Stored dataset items
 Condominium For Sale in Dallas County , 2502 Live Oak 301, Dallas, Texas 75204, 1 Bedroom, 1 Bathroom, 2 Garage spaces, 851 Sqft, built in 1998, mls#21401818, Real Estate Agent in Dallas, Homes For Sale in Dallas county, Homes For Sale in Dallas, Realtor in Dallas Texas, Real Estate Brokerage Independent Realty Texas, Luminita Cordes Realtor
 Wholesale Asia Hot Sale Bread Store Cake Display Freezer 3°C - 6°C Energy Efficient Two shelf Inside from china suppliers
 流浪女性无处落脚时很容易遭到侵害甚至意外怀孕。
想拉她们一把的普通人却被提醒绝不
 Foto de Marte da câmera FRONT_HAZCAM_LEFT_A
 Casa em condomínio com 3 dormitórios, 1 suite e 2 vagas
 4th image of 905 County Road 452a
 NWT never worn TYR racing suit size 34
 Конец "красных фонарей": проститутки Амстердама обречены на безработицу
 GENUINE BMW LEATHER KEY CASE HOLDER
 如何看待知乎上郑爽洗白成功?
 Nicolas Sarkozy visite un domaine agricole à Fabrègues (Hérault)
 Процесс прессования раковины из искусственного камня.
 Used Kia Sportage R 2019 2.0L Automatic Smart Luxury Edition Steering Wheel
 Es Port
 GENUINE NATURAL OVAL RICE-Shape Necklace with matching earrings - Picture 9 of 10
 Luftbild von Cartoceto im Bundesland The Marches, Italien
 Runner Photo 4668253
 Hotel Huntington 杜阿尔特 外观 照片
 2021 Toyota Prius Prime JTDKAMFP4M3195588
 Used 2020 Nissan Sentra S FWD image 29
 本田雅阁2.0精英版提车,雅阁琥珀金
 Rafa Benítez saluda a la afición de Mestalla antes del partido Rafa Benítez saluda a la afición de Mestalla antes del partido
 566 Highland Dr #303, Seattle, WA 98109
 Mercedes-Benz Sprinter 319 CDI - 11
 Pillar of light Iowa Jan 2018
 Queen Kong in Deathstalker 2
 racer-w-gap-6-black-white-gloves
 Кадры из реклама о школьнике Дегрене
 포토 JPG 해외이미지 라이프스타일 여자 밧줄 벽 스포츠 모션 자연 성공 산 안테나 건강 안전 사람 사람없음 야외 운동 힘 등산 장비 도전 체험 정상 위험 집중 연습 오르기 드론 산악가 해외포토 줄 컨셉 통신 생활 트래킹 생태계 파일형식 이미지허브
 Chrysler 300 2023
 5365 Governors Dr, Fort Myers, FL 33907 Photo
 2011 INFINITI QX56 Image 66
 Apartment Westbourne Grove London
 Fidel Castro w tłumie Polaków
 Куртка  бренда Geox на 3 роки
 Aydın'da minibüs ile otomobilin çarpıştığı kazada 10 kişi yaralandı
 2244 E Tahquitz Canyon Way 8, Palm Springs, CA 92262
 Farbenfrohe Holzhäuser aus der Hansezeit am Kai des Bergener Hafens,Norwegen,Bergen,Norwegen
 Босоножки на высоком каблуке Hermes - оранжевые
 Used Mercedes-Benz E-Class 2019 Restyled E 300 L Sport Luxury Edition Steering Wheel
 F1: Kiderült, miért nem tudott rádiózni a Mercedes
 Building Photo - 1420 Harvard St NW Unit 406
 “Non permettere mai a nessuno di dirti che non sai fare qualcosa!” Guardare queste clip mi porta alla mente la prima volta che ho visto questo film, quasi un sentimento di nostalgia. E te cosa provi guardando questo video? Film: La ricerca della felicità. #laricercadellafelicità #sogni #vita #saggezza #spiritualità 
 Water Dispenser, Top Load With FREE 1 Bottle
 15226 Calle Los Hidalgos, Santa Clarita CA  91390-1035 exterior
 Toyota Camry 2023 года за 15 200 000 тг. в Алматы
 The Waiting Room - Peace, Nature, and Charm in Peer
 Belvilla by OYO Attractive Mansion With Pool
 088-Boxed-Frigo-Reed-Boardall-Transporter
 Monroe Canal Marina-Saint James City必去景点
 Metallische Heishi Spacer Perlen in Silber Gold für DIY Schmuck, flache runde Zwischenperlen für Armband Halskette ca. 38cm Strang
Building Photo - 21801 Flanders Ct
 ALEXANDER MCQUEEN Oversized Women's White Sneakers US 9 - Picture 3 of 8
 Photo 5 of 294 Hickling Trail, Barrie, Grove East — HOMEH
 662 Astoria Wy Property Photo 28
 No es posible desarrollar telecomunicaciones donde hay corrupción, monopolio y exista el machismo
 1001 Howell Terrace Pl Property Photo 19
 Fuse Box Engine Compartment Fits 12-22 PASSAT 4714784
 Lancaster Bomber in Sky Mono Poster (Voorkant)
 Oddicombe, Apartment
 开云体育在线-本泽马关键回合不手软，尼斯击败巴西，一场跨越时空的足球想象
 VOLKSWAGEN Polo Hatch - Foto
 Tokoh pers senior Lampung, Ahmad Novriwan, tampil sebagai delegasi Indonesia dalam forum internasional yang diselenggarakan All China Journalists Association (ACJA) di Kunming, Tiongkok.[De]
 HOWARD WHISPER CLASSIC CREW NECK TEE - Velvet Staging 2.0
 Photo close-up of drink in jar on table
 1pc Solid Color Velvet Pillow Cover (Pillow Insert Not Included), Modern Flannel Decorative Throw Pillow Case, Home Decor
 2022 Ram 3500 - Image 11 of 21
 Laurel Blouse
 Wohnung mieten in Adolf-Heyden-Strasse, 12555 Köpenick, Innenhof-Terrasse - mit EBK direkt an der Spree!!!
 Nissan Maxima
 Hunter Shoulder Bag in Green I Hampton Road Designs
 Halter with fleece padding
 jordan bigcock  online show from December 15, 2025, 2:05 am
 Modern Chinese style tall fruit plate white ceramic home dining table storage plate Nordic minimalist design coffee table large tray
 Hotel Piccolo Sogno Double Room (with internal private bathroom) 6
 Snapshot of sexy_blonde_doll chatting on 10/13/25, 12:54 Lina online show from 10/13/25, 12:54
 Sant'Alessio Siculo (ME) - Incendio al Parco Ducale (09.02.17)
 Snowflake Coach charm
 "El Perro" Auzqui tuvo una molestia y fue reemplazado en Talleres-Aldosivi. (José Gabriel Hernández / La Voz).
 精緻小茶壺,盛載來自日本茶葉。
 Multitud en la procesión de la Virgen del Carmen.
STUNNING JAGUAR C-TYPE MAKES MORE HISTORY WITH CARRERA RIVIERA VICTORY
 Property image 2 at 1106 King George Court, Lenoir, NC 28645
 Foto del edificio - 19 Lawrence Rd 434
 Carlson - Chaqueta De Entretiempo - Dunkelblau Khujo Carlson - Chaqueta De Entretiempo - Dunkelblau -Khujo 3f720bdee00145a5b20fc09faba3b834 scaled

**ASSIGNMENT**: Write out exactly the lines that fall from the line with "566 Highland Dr #303, Seattle, WA 98109" to the line with "5365 Governors Dr, Fort" in the records above, keeping both ends.

**ANSWER SPACE**:
 566 Highland Dr #303, Seattle, WA 98109
 Mercedes-Benz Sprinter 319 CDI - 11
 Pillar of light Iowa Jan 2018
 Queen Kong in Deathstalker 2
 racer-w-gap-6-black-white-gloves
 Кадры из реклама о школьнике Дегрене
 포토 JPG 해외이미지 라이프스타일 여자 밧줄 벽 스포츠 모션 자연 성공 산 안테나 건강 안전 사람 사람없음 야외 운동 힘 등산 장비 도전 체험 정상 위험 집중 연습 오르기 드론 산악가 해외포토 줄 컨셉 통신 생활 트래킹 생태계 파일형식 이미지허브
 Chrysler 300 2023
 5365 Governors Dr, Fort Myers, FL 33907 Photo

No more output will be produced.